CMI Best Paper Awards recognize postdoc, graduate student published research

Holly Welles ・ Carbon Mitigation Initiative

The Carbon Mitigation Initiative (CMI) recognized Jane Baldwin, a past postdoctoral fellow in the Princeton Environmental Institute (PEI), and Samantha Hartzell, a graduate student in civil and environmental engineering, at the CMI Annual Meeting for outstanding published research. Baldwin received the Robert H. Socolow Best Paper Award for Postdoctoral Fellows and Hartzell was the inaugural recipient of the Robert H. Socolow Best Paper Award for Doctoral Students.

Since 2010, CMI has presented best paper awards to postdoctoral fellows working with CMI faculty members based upon their contributions to important CMI papers. CMI created a similar award for doctoral students in 2019. Both awards are named in honor of Robert Socolow, emeritus professor of mechanical and aeronautical engineering, emeritus, at Princeton and the codirector of CMI from 2000-2019. CMI is an independent academic research program based at Princeton and administered by PEI that includes 16 principal faculty investigators and over 50 research staff.

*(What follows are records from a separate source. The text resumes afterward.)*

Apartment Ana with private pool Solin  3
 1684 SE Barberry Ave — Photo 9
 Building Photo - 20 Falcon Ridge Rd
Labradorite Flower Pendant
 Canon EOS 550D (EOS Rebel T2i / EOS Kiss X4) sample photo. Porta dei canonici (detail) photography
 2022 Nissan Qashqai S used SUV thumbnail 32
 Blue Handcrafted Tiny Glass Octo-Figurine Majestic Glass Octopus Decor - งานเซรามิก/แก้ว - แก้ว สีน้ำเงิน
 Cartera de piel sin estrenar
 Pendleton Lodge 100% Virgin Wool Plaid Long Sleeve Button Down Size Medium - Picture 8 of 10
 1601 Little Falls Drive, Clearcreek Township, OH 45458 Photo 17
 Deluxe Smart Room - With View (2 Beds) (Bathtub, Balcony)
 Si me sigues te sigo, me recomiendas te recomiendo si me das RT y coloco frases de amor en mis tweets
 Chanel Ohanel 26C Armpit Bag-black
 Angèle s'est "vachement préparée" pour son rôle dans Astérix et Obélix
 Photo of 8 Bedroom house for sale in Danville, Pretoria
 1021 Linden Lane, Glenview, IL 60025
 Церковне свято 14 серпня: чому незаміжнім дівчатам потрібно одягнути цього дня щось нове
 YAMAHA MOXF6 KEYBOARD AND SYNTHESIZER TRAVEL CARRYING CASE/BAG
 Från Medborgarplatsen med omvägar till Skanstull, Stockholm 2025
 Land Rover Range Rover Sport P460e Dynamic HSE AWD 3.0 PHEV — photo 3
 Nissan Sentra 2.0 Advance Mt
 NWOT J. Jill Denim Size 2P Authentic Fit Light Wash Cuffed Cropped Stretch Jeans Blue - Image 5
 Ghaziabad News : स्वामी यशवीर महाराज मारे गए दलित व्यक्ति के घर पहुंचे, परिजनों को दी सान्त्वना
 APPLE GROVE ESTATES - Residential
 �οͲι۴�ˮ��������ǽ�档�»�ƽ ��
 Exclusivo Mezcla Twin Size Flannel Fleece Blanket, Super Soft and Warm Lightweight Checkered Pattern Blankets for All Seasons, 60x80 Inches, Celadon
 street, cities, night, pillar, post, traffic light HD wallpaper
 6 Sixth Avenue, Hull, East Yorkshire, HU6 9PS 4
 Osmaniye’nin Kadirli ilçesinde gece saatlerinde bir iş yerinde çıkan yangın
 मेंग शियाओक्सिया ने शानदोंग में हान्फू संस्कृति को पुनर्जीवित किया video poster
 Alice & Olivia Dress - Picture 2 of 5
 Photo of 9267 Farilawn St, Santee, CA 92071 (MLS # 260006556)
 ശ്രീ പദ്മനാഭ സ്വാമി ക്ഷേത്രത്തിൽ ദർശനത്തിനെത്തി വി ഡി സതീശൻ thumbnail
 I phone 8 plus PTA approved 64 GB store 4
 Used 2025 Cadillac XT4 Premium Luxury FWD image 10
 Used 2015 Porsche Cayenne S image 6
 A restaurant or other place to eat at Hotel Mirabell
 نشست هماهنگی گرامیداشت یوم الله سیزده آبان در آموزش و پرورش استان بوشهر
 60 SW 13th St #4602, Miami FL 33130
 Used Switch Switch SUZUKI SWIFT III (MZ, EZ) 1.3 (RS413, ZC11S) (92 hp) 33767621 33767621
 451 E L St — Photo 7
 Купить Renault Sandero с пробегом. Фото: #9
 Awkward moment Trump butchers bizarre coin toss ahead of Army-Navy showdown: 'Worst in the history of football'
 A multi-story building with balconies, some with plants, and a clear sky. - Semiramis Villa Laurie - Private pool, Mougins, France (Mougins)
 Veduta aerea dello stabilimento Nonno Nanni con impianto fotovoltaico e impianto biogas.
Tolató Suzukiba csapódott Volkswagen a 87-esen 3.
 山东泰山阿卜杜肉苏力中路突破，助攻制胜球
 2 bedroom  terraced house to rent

Samantha Hartzell (left) and Jane Baldwin.

Baldwin, currently a postdoctoral research fellow at Columbia University’s Lamont-Doherty Earth Observatory, was recognized for her paper, “Temporally Compound Heat Wave Events and Global Warming: An Emerging Hazard,” published in the journal Earth’s Future in 2019. She worked on the study during her PEI postdoctoral position in the laboratory of CMI principal investigator Gabriel Vecchi, professor of geosciences and the Princeton Environmental Institute.

Baldwin, who received her doctorate in oceanic and atmospheric sciences from Princeton in 2018, studies how atmospheric dynamics influence regional climate, with a focus on climate change and policy applications. Heat waves are projected to become longer, more numerous, and more intense with global warming, she said. In her study, she and her coauthors analyzed physics-based simulations of Earth’s climate and temperature observations to provide the first quantifications of the hazard from compound, or back-to-back, heat waves.

Previous studies had not considered the implications of multiple heat waves occurring in sequence, she said. “We demonstrate that compound events will constitute a greater proportion of heat wave risk with global warming,” Baldwin said. “This has important policy implications, suggesting that vulnerability from prior heat waves will be increasingly important to consider in assessing heat wave risk and developing heat wave warning systems.”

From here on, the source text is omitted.